No sane angler should attempt to fish through a rain event which produces lightning; doing so risks life and limb. Running from a storm in the boat can also place a captain in dire straits. I prefer to wait out strong cells sitting on land if possible, placing my profile as low to the ground as I can. I will only choose to try and outrun the wall cloud back to safe harbor if I can do so while passing through water less than about three feet deep. Neither I nor anyone else should attempt to cross deep, exposed basins in the main bays while trying to stay ahead of the gnashing teeth of gnarly purple vapors.

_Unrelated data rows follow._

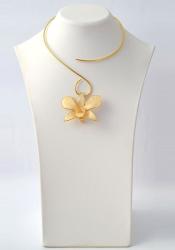 Dannyra Колие с формата на цвете с естествена орхидея в цвят ванилия Dannyra Jewels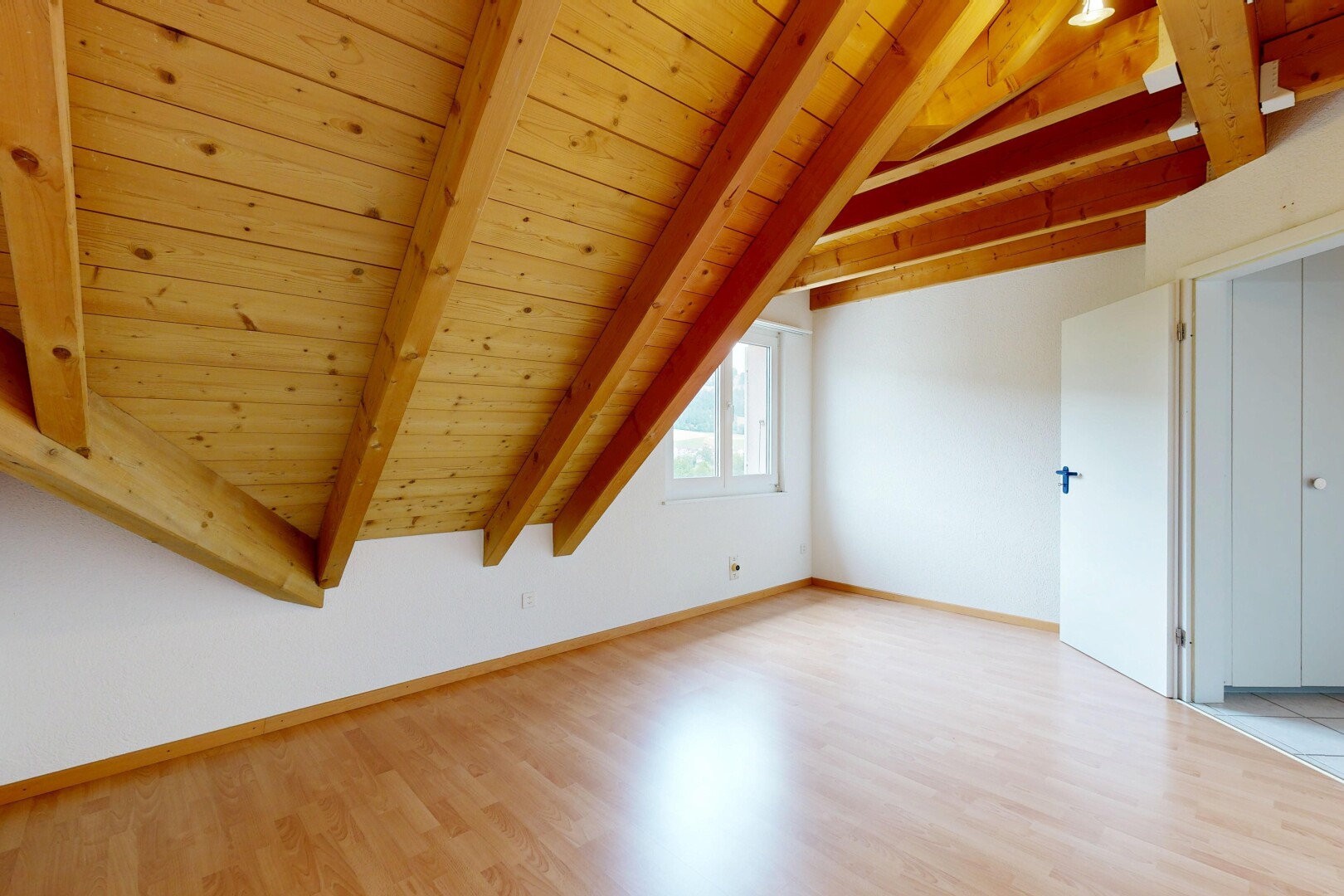 pièce vide avec vaulted ceiling, plafond voûté, beamed ceiling, plafond à poutres, et high end ceiling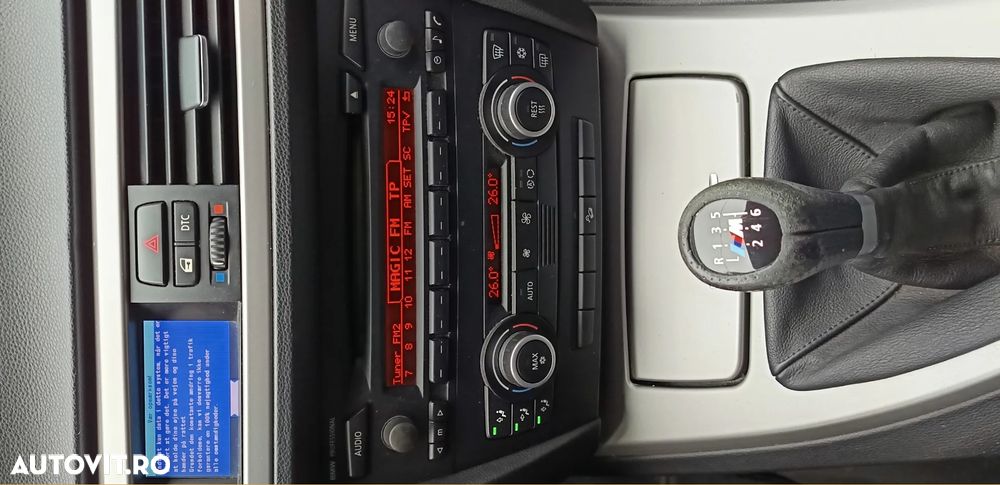 BMW Seria 3 325xi - 23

I've been caught and engulfed by monstrous cells numerous times, with the throttle of my outboard pressed fully forward, racing along at over 50 mph. This isn't particularly dangerous in shallow water, but out in the middle, such a race can rattle one's bones and sink more than hopes. This scenario, perhaps more than any other, requires all competent captains to remain cognizant of the tangible dangers inherent to navigating the waters of our estuaries.

Most decisions related to extreme conditions do not carry such heavy weight; they relate more to the possibilities for catching some fish, not to survival. All the aforementioned elements can become harsh enough to squelch the legitimacy of an effort, including excessive turbidity, extremely strong or slack tides, bulging bull tides and scratching low ones, but stout winds and bitter temperatures most consistently snuff the deal.

In many situations, particularly during the colder half of the year, a combination of the wind and temperature elements combined with recent pattern trends create a clear picture of potential productivity. All competent captains monitor these elements on a regular basis, and have an active awareness not only of how various conditions impact their efforts, but also of when they render those efforts essentially futile. This knowledge allows them to operate safely and productively and to keep the fun in the fishing.